Work order: Print the entries exactly; skip the pictures.

Records shown:
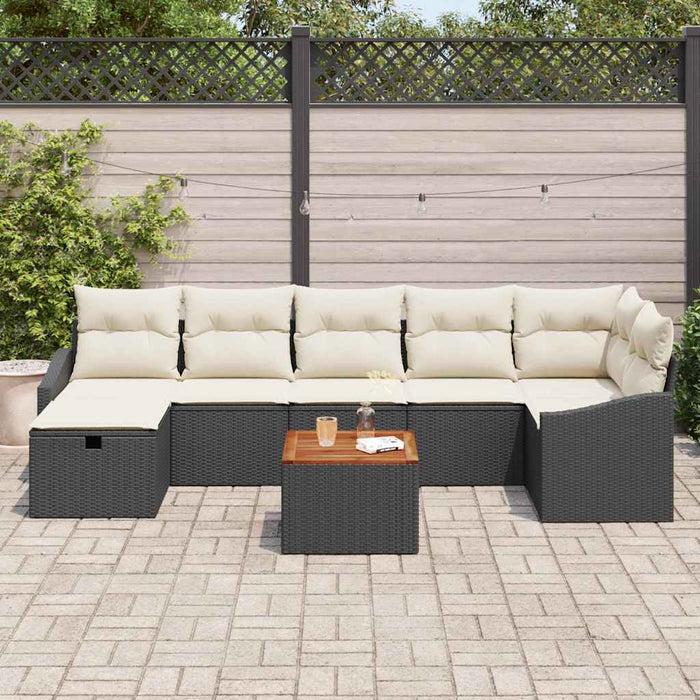 Set de canapele pentru grădină cu pernă 8 pcs Negru Rattan poli - WALTI WALTI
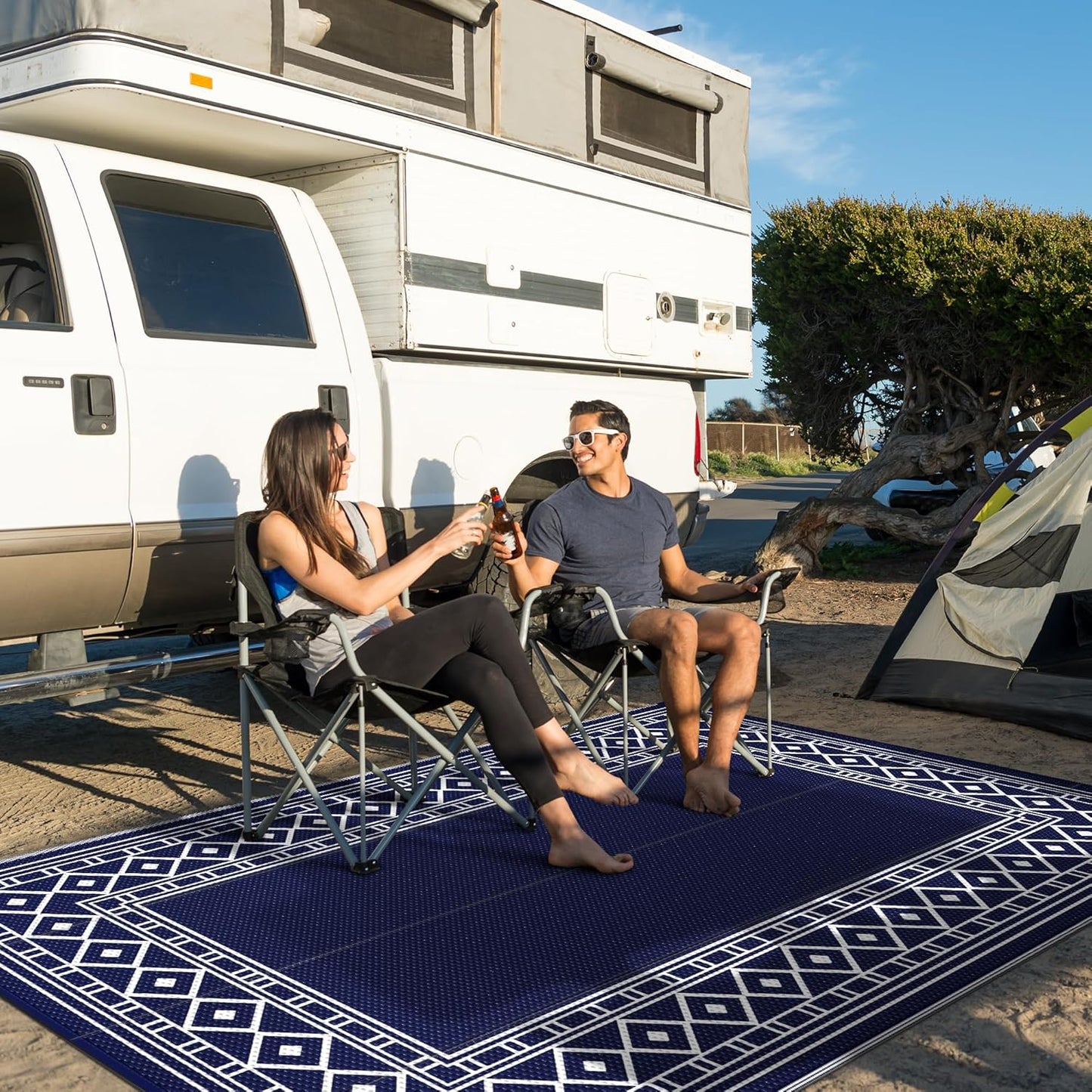 GENIMO Outdoor Rug Waterproof for Patio Decor, 9'x12' Foldable Reversible Plastic Straw Carpet for Travel Trailers, Outside Area Mat for Rv, Deck, Picnic, Porch, Camper, Balcony, Beach, Blue & White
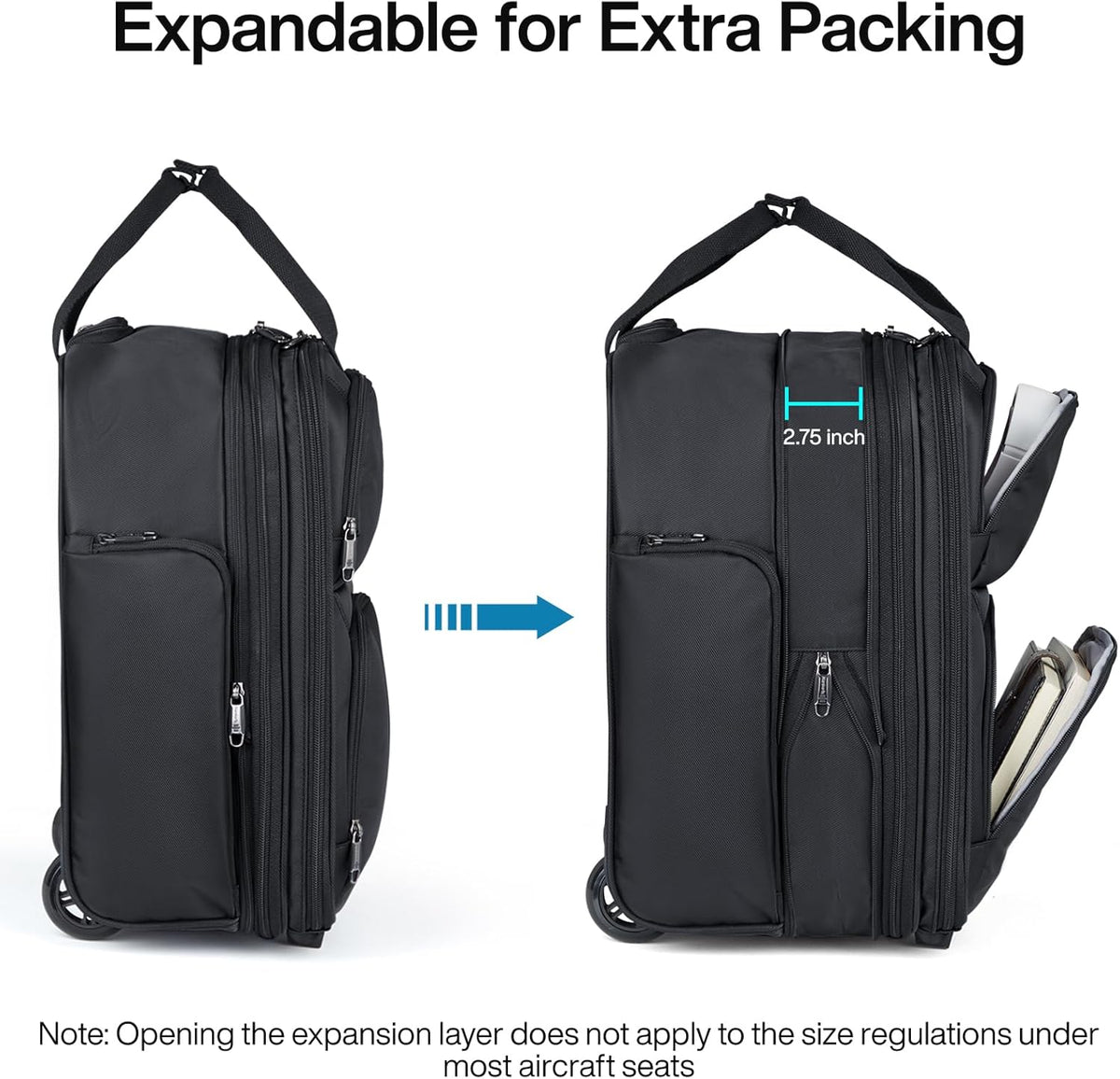 16 Inch Underseat Carry On Luggage With Wheels, Small Rolling Suitcase Lightweight Under Seat Carry On Bag, Airline Approved Personal Item Overnight Softside Travel Luggage Bag,Black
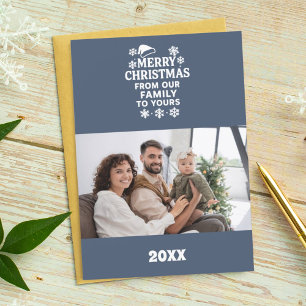 Merry Christmas blue white photo card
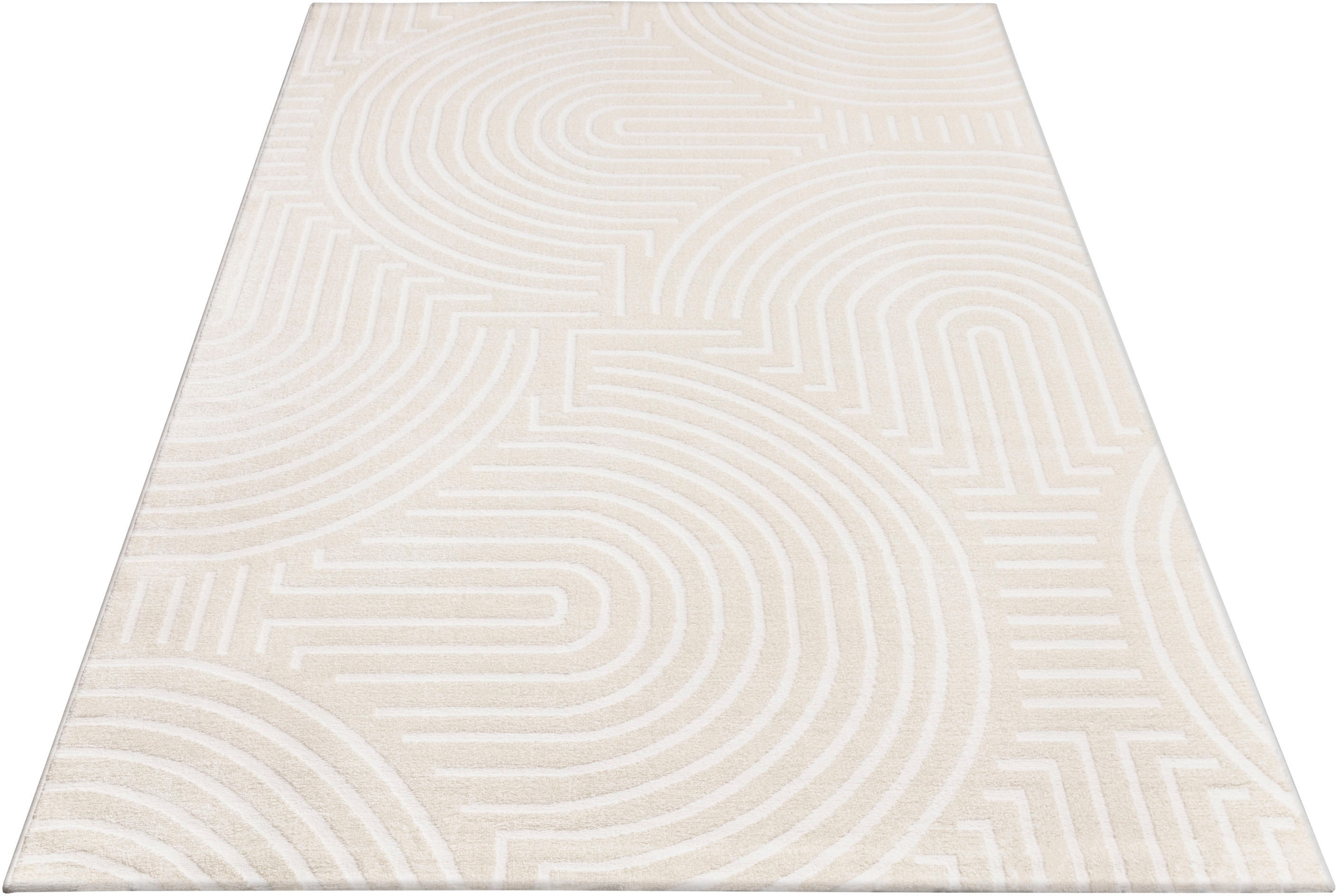 Paco Home Teppich »Luzern 654«, rechteckig, 13 mm Höhe, Kurzflor, Uni Farben, Hoch-Tief-Struktur, Scandi Design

Your solution:
 Set de canapele pentru grădină cu pernă 8 pcs Negru Rattan poli - WALTI WALTI
 GENIMO Outdoor Rug Waterproof for Patio Decor, 9'x12' Foldable Reversible Plastic Straw Carpet for Travel Trailers, Outside Area Mat for Rv, Deck, Picnic, Porch, Camper, Balcony, Beach, Blue & White
 16 Inch Underseat Carry On Luggage With Wheels, Small Rolling Suitcase Lightweight Under Seat Carry On Bag, Airline Approved Personal Item Overnight Softside Travel Luggage Bag,Black
 Merry Christmas blue white photo card
 Paco Home Teppich »Luzern 654«, rechteckig, 13 mm Höhe, Kurzflor, Uni Farben, Hoch-Tief-Struktur, Scandi Design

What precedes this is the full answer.